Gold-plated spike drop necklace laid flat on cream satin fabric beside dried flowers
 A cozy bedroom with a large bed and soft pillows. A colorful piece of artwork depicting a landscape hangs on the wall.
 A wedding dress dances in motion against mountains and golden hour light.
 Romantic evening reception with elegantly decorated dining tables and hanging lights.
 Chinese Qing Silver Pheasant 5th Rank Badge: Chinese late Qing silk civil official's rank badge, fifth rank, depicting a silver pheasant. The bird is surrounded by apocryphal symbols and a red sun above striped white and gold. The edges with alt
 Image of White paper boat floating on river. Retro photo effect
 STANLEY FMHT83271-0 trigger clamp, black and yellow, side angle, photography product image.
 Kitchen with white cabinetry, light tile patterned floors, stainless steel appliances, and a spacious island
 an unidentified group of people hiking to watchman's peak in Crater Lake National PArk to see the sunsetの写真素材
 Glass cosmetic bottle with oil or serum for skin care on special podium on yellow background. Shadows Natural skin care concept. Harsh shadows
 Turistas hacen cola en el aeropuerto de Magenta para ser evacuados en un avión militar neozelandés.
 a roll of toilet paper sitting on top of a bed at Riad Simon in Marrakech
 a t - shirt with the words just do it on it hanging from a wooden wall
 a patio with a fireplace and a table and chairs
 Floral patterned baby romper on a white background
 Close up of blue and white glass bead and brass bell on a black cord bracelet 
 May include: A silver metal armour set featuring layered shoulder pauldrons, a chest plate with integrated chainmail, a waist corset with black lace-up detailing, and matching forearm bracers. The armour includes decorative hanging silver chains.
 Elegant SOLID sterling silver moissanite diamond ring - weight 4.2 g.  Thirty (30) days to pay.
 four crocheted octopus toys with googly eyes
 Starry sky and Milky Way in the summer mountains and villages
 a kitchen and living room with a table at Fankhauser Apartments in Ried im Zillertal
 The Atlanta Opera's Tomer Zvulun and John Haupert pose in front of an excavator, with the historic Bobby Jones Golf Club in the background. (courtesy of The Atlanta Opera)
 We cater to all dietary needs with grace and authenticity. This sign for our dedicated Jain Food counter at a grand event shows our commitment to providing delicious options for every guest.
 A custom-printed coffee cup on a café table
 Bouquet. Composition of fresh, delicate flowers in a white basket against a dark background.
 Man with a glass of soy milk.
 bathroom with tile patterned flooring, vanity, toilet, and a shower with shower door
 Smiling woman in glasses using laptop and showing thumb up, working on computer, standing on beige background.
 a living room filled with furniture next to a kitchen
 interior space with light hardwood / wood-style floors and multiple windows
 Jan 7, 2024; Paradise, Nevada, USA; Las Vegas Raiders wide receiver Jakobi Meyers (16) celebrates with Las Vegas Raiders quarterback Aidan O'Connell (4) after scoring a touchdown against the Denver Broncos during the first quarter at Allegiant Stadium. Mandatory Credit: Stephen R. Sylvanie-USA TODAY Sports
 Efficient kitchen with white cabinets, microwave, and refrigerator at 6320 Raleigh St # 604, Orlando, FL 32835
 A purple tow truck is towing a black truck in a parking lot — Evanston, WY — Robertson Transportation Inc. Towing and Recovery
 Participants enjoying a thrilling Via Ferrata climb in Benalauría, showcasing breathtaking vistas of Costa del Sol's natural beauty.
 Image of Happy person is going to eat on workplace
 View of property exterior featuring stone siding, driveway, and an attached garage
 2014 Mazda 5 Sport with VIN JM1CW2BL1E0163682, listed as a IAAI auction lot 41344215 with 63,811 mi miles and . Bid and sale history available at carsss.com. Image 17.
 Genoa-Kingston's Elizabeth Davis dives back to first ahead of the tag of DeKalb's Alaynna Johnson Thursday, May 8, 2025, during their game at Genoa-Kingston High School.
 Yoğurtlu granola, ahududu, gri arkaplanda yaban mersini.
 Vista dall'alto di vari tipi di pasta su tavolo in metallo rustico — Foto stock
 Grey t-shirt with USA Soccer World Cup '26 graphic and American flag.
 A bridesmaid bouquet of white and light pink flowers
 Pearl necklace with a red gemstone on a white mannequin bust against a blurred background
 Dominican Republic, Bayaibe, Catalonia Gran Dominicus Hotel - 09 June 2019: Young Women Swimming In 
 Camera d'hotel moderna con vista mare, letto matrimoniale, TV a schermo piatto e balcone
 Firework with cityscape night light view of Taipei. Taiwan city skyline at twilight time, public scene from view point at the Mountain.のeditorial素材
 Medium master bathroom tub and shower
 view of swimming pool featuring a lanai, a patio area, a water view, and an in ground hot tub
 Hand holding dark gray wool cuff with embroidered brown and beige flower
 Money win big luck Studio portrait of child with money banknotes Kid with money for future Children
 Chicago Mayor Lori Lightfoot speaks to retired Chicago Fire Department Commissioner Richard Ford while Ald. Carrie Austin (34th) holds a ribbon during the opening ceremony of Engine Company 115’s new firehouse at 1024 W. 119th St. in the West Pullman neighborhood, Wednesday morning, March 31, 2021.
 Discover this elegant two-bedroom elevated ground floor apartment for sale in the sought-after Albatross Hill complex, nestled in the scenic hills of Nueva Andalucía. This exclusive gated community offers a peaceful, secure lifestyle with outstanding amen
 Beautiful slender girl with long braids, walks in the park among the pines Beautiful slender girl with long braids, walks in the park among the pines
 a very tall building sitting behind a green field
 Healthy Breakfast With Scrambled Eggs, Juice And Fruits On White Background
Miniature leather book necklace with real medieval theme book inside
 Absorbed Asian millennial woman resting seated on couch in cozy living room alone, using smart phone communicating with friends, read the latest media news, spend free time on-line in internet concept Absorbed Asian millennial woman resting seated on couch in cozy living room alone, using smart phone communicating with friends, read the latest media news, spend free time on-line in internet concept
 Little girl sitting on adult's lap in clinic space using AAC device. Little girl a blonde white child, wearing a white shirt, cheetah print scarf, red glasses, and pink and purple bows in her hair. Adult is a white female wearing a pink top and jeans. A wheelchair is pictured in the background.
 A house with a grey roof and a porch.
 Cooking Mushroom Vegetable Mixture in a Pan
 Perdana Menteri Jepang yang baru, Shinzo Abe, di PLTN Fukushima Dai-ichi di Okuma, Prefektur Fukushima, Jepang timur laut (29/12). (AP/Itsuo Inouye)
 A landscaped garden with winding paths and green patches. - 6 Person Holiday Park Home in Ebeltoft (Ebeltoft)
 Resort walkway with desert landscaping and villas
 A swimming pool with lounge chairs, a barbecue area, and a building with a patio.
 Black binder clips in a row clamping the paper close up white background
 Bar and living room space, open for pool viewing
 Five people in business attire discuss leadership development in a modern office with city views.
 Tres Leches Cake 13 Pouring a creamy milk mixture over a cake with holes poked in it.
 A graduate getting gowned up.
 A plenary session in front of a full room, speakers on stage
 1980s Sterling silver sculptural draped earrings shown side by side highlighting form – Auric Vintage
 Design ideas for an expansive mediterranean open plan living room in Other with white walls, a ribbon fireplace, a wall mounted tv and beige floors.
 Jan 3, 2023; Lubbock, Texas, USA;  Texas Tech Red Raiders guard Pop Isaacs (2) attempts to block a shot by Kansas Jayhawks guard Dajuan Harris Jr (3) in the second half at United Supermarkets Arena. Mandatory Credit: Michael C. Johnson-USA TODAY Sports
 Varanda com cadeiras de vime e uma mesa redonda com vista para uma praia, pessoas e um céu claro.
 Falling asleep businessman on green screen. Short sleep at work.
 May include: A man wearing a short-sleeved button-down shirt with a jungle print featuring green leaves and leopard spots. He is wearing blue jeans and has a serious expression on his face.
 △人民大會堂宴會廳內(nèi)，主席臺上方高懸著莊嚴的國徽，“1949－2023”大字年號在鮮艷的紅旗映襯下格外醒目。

Exercise requirements:
Everything from the line with "Kitchen with white cabinetry, light" through the line with "an unidentified group" should be written out exactly as it appears above, end lines included, and nothing outside that range.

Finished exercise:
 Kitchen with white cabinetry, light tile patterned floors, stainless steel appliances, and a spacious island
 an unidentified group of people hiking to watchman's peak in Crater Lake National PArk to see the sunsetの写真素材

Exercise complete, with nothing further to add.